EXERCISE DETAILS: Down to the last line of the listing, starting at the one with "9pcs Bohemian Turquoise", retype each line exactly. Do not copy the pictures.

DATA SECTION:
□ □ □ □

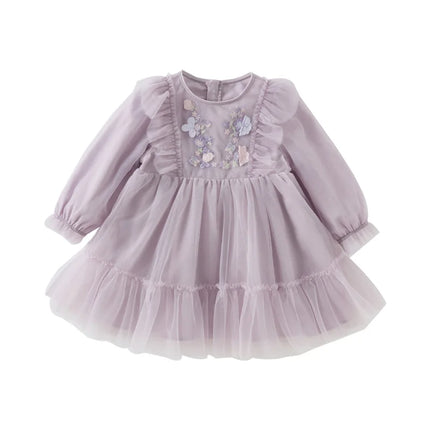 Toddler Girls Adorable Flower Embroidered Mesh Princess Dresses
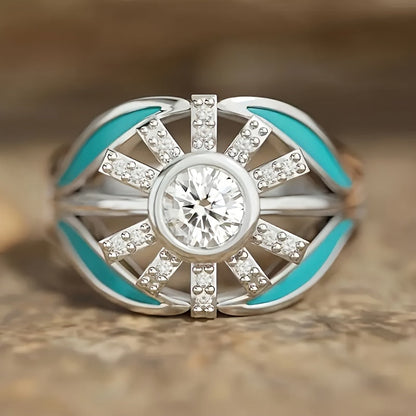 9pcs Bohemian Turquoise Stackable Ring Set for Women – Luxury Boho Multi-Element Gold Tone Synthetic Turquoise Rings, Fashion Jewelry for Daily Wear, Wedding, Engagement, Gift for Girlfriend & Lover, Sizes 6-11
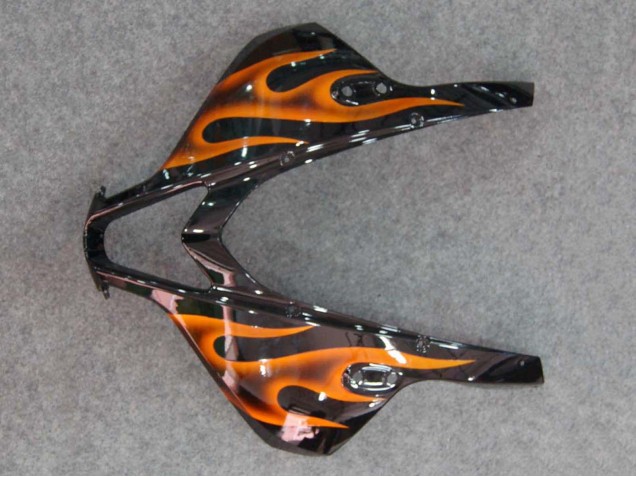 Noir Brillant Orange Flamme Carénage Moto Honda CBR600RR 2007-2008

□ □ □ □

TASK RESPONSE:
 9pcs Bohemian Turquoise Stackable Ring Set for Women – Luxury Boho Multi-Element Gold Tone Synthetic Turquoise Rings, Fashion Jewelry for Daily Wear, Wedding, Engagement, Gift for Girlfriend & Lover, Sizes 6-11
 Noir Brillant Orange Flamme Carénage Moto Honda CBR600RR 2007-2008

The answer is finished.